They are often fixated on differences between cultural contexts and language. And when vital, complicated conversations emerge, they almost never have the opportunity to morph into an analytical document, a history to be shared with a broader community. Seldom does debate transition to a co-authored publication. The first morning, we got to know each other in the rustic charm of the Jesuit Retreat Center in Muqattam, overlooking the expanse of Cairo. And in the afternoon, we took an excursion to downtown to attend a street performance. On the second day, the group of thirty broke down into smaller trios and quartets that began to co-write and co-create drafts – documents, illustrations, videos, audio pieces, and graphics. The co-writing process departed from a set of questions collectively generated by the group of thirty, questions that we as practitioners and producers must ask ourselves before, during, and after the moment of artistic presentation.

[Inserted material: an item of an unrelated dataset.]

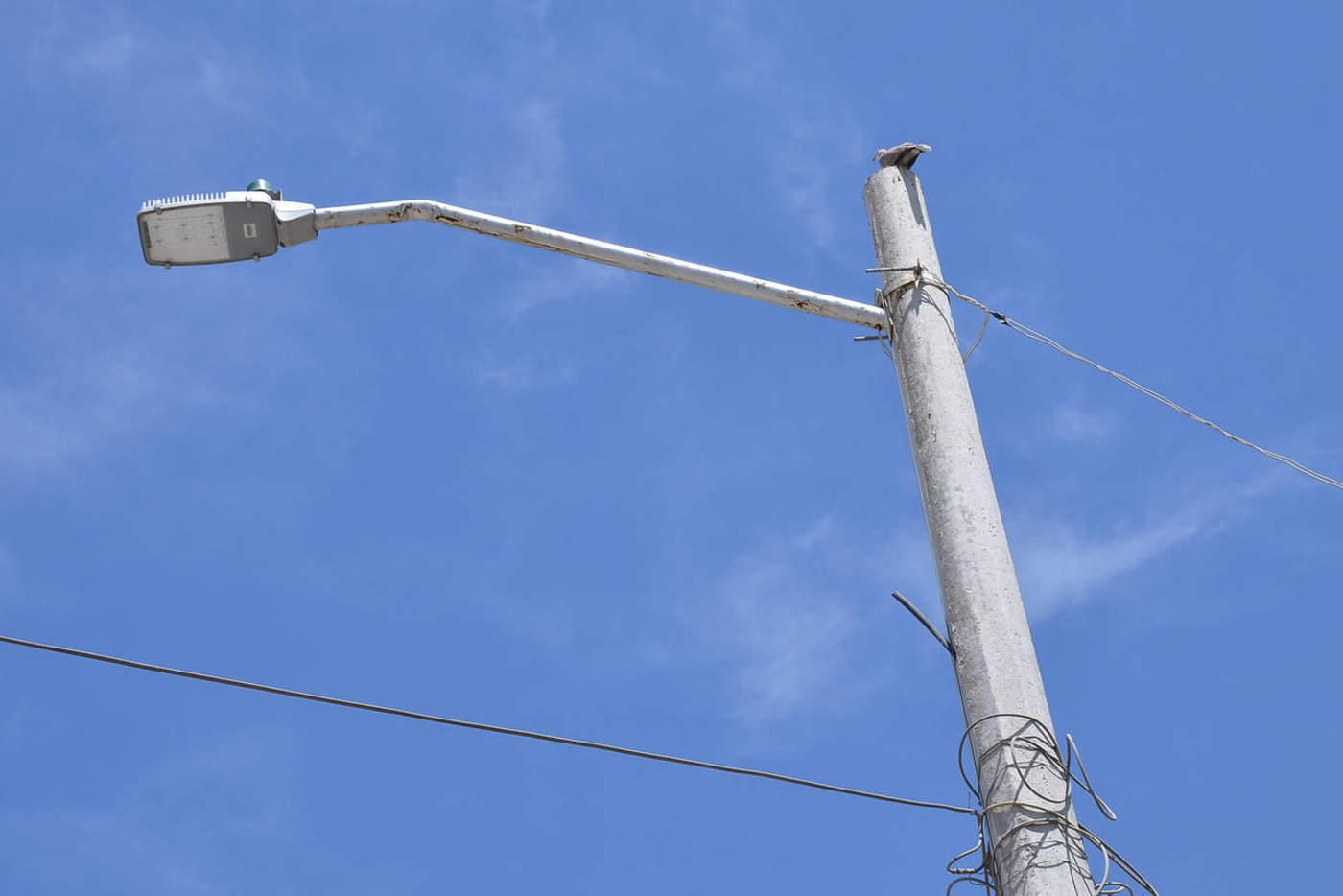 El conteo de los postes de alumbrado público se realiza para que no haya ninguna diferencia entre los registros que tienen la Comisión Federal de Electricidad (CFE) y Servicios Públicos Municipales. (ARCHIVO)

The essential topics, unique to community art in public space, ranged from intention, methodology, context, design, community engagement, security, and after-life of the performance. In addition to the materials resulting from co-creation, the Lab also produced interviews and discussions recorded on video and audio. Upon reviewing the material, the editorial team –Shaimaa Atef, Heba El-Cheikh, Eyad Houssami, and Krystel Khoury – identified key overlapping themes, which form the structure of cowritinglab.com: artistic identities, contexts, communities, and methodologies.
The idea for the project began with a focus on documentation, but as this website demonstrates, the process of co-writing unlocks creativity, invites multi-perspectival storytelling, and above all reflects the rigorous commitment of the Lab participants to the urgency of our work, together, in all its difficulties, across borders, through the prism of Arabic.